これがもう少し込み入った手で片瀬やゼロとの離間を図るというのなら対処もできたが、ここまでシンプルにやられるとどうしようもない。嵌められた本人でなければ、笑い話にしかできないところだ。

 

さて、問題は、これからどうするか、である。

解放戦線に戻るというのは、最後まで筋を通したい藤堂にとってはまあいいだろう。だが四聖剣ですらこの状況では、一般兵の感情は推して知るべしである。

「少し、考えさせてもらってよいでしょうか」

そう言って、外に出た。一つ確かなことは、とりあえず道場でも開いて静かに暮らしたいという夢はまだまだお預け、ということである。他が、放っておいてくれない。

 

「藤堂さん」

かけられた声は、四聖剣のものではなかった。解放戦線の兵士たちが10人ばかり、後ろに並んでいたのである。三人が藤堂を運び出す姿に気づき、止めるどころか「俺も」「なら俺も」と我先に逃げ出してきたという。

「片瀬少将たちのことを考えるばかりでなく、俺たちのことも考えてください」

解放戦線は、日本のために戦う組織だったはずだ。ゼロのために戦う組織では、決してない。片瀬がゼロに追従するのを、快く思わなかった者は多い。

 

無論、誰もが思っている。自分たちの手で敵を駆逐し、日本の全てを取り戻したい、と。そのためならゼロと手を組むことだって良しとした。

だがそれは、現状を見ればもはやかなわぬ夢である。

「……解放戦線はもう終わりです。このままだと討伐されるのを待つだけか外国に逃亡するか…」

しかも、討伐となれば特区の日本軍も動員されるだろう。敵からテロリストと呼ばれ、敵を裏切り者と呼んで、日本人相手に殺し合う。少し良識があれば、そんな救いようのない戦争を行いたい奴などいない。

 

「もう俺たちは、『蒼』の構想に乗るしかなくなったんですよ。藤堂さんが乗るとなれば、解放戦線の奴らはみんな付いて行きます」

「あの藤堂が見捨てた」となれば、気後れすることなく出奔してくるであろう。
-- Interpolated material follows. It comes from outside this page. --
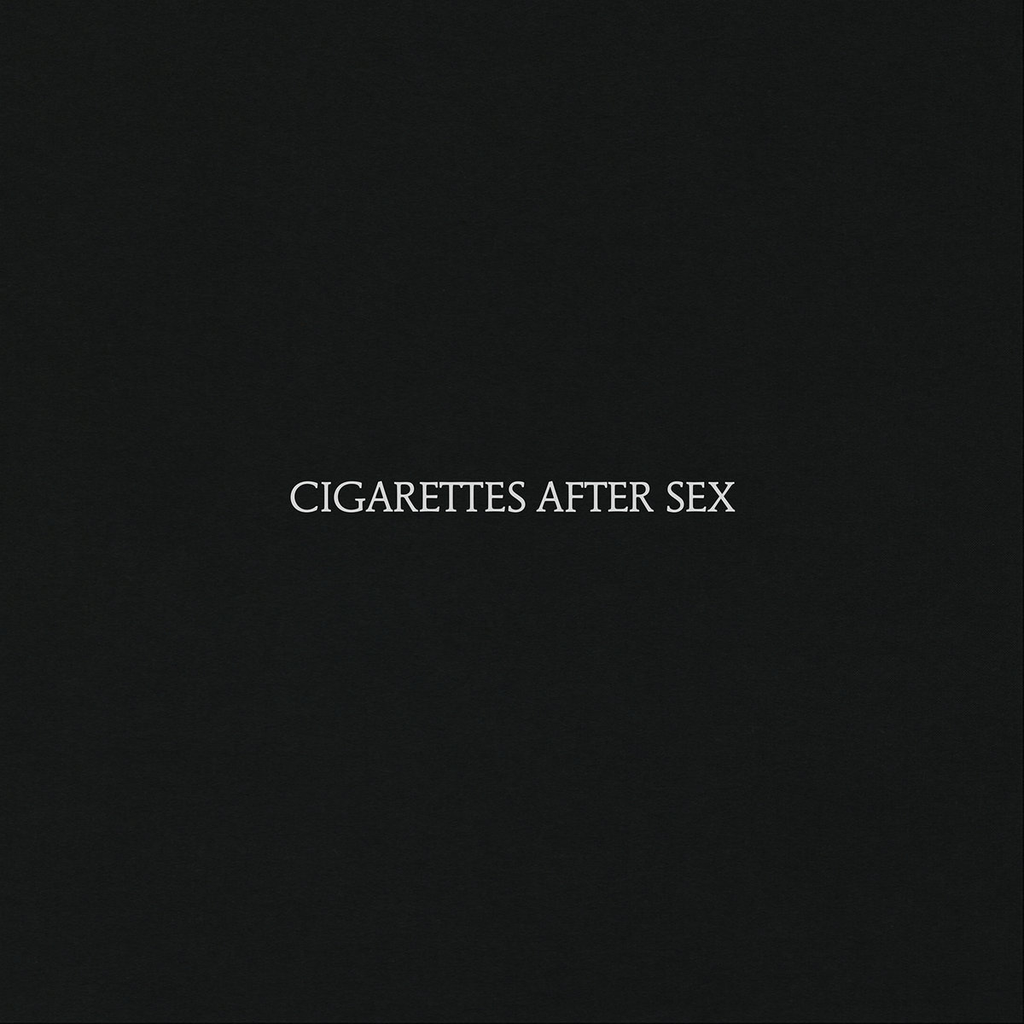 Cigarettes After Sex - Cigarettes After Sex Cassette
皆を救うために、どうか節を曲げてほしい。そう言われて、藤堂は内心で自嘲した。

(……どうやら自分は、大きくなりすぎたようだ)

奇跡と言われた『厳島の戦い』の勝利。それは軍人としては大成功だったが、藤堂鏡志朗という個人としては大失敗だったのかもしれない。

もはやこの身は、自分の責任だけを背負えばいいものではなくなっていた。

 

―藤堂鏡志朗、特区日本に参加。それをユーフェミアは、盛大に歓迎した。

 




藤堂離反。ゼロ包囲網がまた狭まりました。